Prevent Patients From Dying in Blood Deserts

Target: Susan Wafula, Kenya Health Minister

Goal: Explore and invest in walking donor banks to address urgent blood shortages.

Severe drought, malaria, and youth pregnancies are among the many issues that have caused a high prevalence of anemia in one of Africa’s most prominent countries. The condition, which impacts oxygen levels in the blood, has led to an urgent need for blood transfusions in Kenya. Unfortunately, demand for blood is far outpacing supply.

As a consequence, many ailing individuals – including a large percentage of young mothers – are literally dying in these blood deserts. One major problem is that blood has to be rigorously screened due to the endemic nature of illnesses like HIV in Kenya. But centers equipped to properly screen blood in a prompt and efficient manner are few and far between. Some researchers are lobbying for walking donor banks: a process that enables pre-screened donors to arrive promptly on-site during emergencies and to be vetted quickly through rapid testing procedures. This process has held up strongly in clinical trials, but leaders are still skeptical.

Sign the petition below to urge investment in and adoption of an approach that could save lives.

PETITION LETTER:

Dear Minister Wafula,

Lodwar County’s busiest hospital runs out of blood roughly one-third of the time. The Kenya Tissue and Transplant Authority faces an annual deficit of about 200,000 units of blood. And through it all, countless Kenyans lose their lives to preventable deaths. A pronounced lack of blood screening centers further deepens Kenya’s status as a blood desert.

Walking donor banks could provide an important infusion in every sense of the word, yet officials are reticent to use this approach because of concerns about its screening capabilities. At least one study in the aforementioned Lodwar County has demonstrated that this procedure matches Kenya’s national testing standards by over 99 percent. Please take a closer look at this model and fully utilize its potential to help mitigate one of the nation’s most pressing health crises.

Let Kenya lead the way in resolving the global epidemic of blood deserts.

Sincerely,

[Your Name Here]

Photo Credit: Charlie Helen Robinson


2 Comments

  1. All over the globe, there are too many people.

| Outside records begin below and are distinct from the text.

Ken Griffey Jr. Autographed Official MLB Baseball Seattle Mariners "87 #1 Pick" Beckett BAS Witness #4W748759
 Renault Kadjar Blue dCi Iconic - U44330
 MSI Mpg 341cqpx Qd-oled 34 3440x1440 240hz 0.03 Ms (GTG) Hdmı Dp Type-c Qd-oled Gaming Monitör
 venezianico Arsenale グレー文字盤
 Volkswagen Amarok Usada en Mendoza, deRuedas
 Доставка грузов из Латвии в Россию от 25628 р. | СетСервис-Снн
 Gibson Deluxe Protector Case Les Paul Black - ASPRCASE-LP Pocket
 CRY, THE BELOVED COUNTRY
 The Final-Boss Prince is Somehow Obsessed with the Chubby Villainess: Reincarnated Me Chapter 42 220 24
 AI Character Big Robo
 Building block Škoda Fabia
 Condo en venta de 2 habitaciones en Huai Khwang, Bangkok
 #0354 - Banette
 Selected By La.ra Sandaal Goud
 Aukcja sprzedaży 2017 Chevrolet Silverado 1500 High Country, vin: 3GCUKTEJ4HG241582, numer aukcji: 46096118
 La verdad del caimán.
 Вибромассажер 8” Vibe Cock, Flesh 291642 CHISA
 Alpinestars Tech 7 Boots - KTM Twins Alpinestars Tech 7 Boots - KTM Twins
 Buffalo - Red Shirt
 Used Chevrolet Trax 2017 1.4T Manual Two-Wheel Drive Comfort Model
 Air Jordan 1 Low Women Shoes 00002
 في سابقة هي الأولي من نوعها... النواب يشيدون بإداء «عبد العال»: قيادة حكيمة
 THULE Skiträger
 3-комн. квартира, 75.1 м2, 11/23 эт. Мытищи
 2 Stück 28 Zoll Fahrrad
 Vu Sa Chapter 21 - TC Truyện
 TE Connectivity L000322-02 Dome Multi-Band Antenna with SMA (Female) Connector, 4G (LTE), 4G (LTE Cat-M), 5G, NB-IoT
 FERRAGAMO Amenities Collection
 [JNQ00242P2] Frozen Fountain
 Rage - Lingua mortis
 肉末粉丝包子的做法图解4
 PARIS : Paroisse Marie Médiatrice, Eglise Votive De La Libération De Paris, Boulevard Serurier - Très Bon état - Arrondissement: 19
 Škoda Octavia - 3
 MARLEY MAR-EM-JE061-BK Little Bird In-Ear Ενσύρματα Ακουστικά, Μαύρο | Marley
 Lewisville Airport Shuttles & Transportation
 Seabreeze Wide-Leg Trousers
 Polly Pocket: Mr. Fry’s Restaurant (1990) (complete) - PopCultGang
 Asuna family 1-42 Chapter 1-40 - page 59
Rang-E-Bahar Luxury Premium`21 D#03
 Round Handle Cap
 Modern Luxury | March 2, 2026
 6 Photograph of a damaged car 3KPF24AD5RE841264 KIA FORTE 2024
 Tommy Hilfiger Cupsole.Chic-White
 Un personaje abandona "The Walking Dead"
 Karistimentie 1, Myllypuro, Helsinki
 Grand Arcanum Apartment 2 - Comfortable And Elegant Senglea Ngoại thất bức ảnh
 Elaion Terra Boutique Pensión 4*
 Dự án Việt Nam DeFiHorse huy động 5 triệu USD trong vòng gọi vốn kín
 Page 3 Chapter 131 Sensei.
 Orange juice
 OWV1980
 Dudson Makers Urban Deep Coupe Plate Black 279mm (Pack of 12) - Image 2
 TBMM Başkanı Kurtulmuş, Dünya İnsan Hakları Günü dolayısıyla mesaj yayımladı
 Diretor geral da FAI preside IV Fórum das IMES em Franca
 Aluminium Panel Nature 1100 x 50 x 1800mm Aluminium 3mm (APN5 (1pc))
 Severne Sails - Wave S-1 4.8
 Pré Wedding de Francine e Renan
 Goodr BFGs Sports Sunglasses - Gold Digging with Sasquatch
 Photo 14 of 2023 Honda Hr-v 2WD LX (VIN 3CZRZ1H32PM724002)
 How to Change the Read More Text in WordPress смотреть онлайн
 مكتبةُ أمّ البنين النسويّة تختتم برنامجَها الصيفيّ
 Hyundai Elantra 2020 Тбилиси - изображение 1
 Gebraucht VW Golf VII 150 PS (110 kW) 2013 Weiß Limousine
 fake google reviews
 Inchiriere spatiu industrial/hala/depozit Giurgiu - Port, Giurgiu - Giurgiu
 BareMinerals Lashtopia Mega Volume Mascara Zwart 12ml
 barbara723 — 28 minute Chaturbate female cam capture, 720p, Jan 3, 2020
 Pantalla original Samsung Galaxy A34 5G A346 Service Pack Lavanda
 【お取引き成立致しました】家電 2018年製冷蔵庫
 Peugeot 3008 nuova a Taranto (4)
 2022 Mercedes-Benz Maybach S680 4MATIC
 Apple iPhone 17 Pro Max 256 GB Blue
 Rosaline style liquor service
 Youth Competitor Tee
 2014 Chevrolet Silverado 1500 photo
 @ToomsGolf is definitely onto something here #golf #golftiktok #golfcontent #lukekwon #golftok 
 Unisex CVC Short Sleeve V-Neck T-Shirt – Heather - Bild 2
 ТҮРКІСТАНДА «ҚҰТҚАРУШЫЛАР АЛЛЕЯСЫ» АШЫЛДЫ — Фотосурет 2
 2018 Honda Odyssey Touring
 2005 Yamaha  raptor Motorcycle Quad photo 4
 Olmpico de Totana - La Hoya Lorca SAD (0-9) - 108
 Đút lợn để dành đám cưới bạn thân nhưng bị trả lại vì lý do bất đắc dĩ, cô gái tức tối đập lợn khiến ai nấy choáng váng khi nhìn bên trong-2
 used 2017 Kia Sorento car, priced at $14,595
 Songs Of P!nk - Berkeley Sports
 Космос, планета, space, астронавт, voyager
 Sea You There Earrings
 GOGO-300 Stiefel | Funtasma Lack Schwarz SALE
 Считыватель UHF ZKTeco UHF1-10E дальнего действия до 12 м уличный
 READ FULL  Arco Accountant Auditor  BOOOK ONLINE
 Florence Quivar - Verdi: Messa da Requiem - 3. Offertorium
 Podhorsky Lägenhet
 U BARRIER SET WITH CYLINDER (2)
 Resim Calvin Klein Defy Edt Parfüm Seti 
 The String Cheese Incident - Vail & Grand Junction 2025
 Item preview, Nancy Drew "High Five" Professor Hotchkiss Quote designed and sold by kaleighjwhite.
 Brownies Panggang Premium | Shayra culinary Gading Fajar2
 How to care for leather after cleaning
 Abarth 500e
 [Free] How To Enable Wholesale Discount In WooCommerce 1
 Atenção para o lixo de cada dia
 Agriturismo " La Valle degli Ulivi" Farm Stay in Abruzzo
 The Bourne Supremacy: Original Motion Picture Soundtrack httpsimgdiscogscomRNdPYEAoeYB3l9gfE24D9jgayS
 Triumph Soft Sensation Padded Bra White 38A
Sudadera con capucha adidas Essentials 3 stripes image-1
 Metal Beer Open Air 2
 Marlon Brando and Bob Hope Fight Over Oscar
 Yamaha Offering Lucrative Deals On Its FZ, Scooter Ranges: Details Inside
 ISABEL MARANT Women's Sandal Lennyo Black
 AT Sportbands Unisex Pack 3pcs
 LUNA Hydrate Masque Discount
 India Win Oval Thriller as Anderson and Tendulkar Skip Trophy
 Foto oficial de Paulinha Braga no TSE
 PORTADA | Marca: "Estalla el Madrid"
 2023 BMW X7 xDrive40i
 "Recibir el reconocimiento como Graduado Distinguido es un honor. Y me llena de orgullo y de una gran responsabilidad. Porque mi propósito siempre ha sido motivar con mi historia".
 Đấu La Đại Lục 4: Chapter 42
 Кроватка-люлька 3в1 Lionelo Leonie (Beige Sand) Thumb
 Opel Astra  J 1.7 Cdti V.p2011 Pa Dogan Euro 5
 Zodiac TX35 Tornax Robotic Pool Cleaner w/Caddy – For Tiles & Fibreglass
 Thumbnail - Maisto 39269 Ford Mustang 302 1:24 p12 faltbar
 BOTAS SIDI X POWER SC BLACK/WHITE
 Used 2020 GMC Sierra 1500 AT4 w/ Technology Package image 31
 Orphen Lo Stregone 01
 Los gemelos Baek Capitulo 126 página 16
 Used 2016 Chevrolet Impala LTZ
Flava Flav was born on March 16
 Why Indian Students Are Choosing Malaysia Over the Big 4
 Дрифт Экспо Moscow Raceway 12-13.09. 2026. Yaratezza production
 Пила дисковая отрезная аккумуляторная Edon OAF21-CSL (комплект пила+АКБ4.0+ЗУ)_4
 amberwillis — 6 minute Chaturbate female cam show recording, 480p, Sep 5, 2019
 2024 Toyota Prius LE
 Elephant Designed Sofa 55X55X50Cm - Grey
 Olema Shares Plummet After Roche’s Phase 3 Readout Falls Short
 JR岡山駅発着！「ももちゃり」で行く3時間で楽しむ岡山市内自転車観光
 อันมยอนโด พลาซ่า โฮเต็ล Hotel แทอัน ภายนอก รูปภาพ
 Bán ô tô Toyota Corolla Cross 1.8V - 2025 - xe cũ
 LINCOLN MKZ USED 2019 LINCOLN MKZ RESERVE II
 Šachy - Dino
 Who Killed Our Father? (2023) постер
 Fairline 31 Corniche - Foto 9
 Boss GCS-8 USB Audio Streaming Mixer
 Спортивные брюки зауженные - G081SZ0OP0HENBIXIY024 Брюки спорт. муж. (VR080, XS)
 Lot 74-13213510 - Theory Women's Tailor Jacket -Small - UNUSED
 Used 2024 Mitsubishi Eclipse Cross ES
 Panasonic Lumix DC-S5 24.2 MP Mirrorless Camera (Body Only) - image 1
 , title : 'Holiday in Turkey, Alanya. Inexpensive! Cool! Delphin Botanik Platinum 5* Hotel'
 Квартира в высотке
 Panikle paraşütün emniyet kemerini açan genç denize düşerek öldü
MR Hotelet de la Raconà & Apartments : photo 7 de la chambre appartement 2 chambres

Blood donors and all the life saving facilities which need to be built and supported but it’s all due to too many people. We must used birth control!! We are close to 9 or 10 billion people on earth and earth can only care for ½ that many. In 1970 there were enough people for the earth to care for but in those days we ate real food, had clean produce, not pesticides and all manner of poisons everywhere we turned.Even plastic was a new source and not over used. As a child I ate ice cream out of a paper bowl with a wooden spoon and it was delicious. Today the earth is seeing the demand of people but not their appreciation that the earth has always taken care of them. What fools we are to demand money and kill our source of life.